Lessons learned from my first semester of Grading for Equity

This fall, I made my first experiments with Grading for Equity, an approach intended to address inequities in traditional points-based grading schemes. Alongside, I adopted the supporting practice of specifications grading. Soon it became clear I was not one instructor acting alone, but part of a movement among CS educators responding to the uncertain conditions of the COVID-19 pandemic.

I’ve been asked to blog on my lessons learned, so I will. But first, to warm up, I’ll tell the story of how I got started.


The story

I’m a regular reader of the SIGCSE-members email list, an active conversation among members of the ACM Special Interest Group on Computer Science Education. Last June, responding to the Black Lives Matter movement, my friend Cory Bart started a conversation with a plea for advice on supporting Black students in CS1. As I was also searching for ways to cope with the uncertainty of the fall semester, a response from J. Phillip East at UNI caught my eye:

I strongly endorse “Grading for Equity”.

I believe, however, that it goes way beyond equity and gets to the heart of learning for all our students (which I guess is the heart of equity).  Implementing the ideas starts with identifying desired “outcomes” to be achieved (not content to be covered), building equitable assessments, and using the assessments equitably.  It also means _not_ including attendance, participation, late penalties, group work (mostly), homework (mostly), etc. in grades since they can be inequitably applied and/or do not directly relate to desired learning.

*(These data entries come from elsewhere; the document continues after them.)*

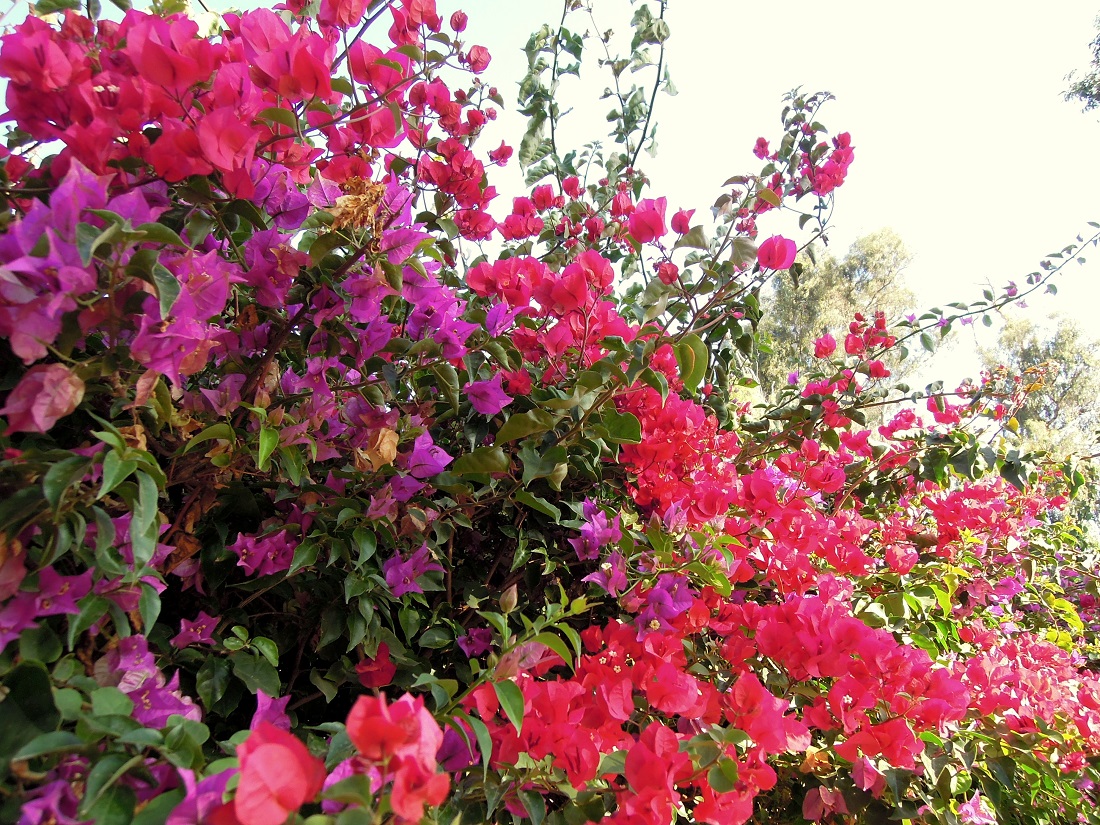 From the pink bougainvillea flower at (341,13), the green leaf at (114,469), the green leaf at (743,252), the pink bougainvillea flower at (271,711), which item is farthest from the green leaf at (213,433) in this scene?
the green leaf at (743,252)

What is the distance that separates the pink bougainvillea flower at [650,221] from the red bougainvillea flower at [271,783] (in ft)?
2.35

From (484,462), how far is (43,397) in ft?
1.27

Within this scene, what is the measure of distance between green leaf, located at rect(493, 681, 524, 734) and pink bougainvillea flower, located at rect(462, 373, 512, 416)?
0.34 m

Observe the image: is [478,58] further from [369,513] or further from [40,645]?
[40,645]

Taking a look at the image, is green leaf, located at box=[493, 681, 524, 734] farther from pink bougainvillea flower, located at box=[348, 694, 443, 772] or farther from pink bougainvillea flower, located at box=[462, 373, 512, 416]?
pink bougainvillea flower, located at box=[462, 373, 512, 416]

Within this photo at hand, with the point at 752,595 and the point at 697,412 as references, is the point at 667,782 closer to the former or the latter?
the point at 697,412

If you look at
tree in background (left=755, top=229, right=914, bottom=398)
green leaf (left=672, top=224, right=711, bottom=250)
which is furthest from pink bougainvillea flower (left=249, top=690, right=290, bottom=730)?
tree in background (left=755, top=229, right=914, bottom=398)

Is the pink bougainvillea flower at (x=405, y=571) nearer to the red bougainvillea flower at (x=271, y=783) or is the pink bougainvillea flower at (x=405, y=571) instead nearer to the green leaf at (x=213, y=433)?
the green leaf at (x=213, y=433)

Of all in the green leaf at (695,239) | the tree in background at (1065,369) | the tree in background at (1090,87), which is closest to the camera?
the green leaf at (695,239)

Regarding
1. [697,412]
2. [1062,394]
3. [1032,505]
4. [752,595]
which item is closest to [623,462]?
[697,412]

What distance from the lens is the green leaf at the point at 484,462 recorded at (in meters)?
0.69

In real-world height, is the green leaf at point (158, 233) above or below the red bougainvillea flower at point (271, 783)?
above

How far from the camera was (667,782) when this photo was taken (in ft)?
1.80

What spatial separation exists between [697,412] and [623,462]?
14 cm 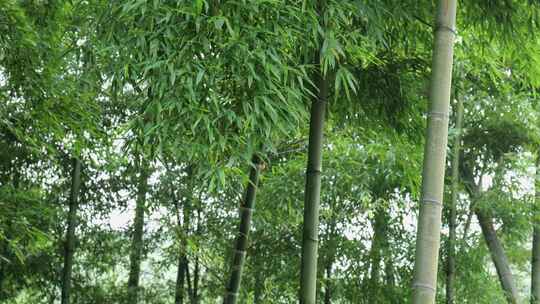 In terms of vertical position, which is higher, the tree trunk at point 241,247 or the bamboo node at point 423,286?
the tree trunk at point 241,247

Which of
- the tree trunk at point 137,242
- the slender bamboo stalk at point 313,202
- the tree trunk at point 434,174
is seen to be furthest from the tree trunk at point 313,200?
the tree trunk at point 137,242

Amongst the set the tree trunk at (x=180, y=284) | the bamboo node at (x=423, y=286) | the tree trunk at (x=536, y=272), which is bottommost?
the bamboo node at (x=423, y=286)

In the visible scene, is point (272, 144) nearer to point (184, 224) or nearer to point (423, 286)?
point (423, 286)

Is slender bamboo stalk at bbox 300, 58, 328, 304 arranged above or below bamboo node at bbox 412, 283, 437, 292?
above

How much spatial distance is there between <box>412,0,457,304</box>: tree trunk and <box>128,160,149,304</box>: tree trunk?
16.1ft

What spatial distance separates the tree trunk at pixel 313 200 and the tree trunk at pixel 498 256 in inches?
148

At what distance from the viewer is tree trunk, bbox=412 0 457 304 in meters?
3.10

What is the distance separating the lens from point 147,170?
777 cm

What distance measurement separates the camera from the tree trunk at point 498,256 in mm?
7523

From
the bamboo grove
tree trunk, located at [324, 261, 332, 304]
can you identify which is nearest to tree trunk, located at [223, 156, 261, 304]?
the bamboo grove

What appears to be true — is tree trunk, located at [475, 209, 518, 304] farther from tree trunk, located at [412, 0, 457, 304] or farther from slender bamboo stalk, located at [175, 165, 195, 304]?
tree trunk, located at [412, 0, 457, 304]

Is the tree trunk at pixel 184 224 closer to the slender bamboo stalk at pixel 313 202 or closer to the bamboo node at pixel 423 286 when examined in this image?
the slender bamboo stalk at pixel 313 202

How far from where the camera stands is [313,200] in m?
3.93

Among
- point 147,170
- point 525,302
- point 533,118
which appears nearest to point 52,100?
point 147,170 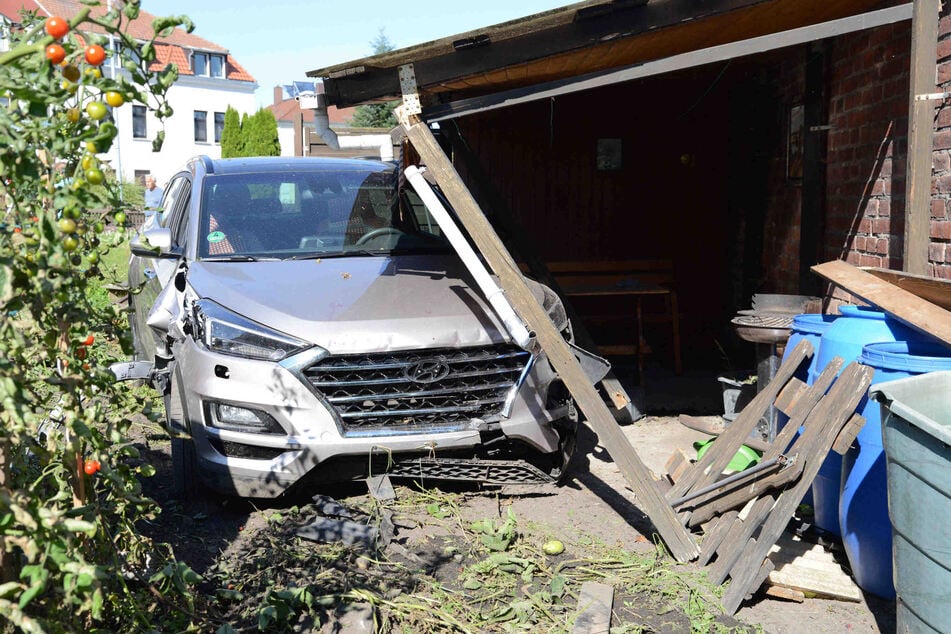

Several of us at UNI have been using some of the ideas for a while and are now explicitly working to totally make our grading equitable.  A colleague and I submitted a position paper on it to SIGCSE but unfortunately it was not accepted.  I’d be happy to share/discuss ideas with anyone who is interested.

I responded:

Greetings from a former Iowan! Would you be willing to share your unpublished position paper on grading for equity? A math colleague [Albert Schueller] and I were already talking about “mastery-based grading” as an approach for managing the likely chaos of this fall with the worsening COVID-19 pandemic.

Phillip shared his unpublished position paper with me, and I was inspired. You can ask him for it too. It’s unfortunate that it wasn’t accepted, as I think it may gain historical significance as the first work on the approach in the CS education community, and I hope he has resubmitted it.

I decided I wanted to read Joe Feldman’s 2019 book Grading for Equity . (For those reading along, Chapter 1 is available for free online.) After reading a bit, I started taking notes on my brand new iPad, starting as follows:

Friends, students, colleagues, lend me your ears. I come to bury grades, not to praise them. The evil that grades do lives after them.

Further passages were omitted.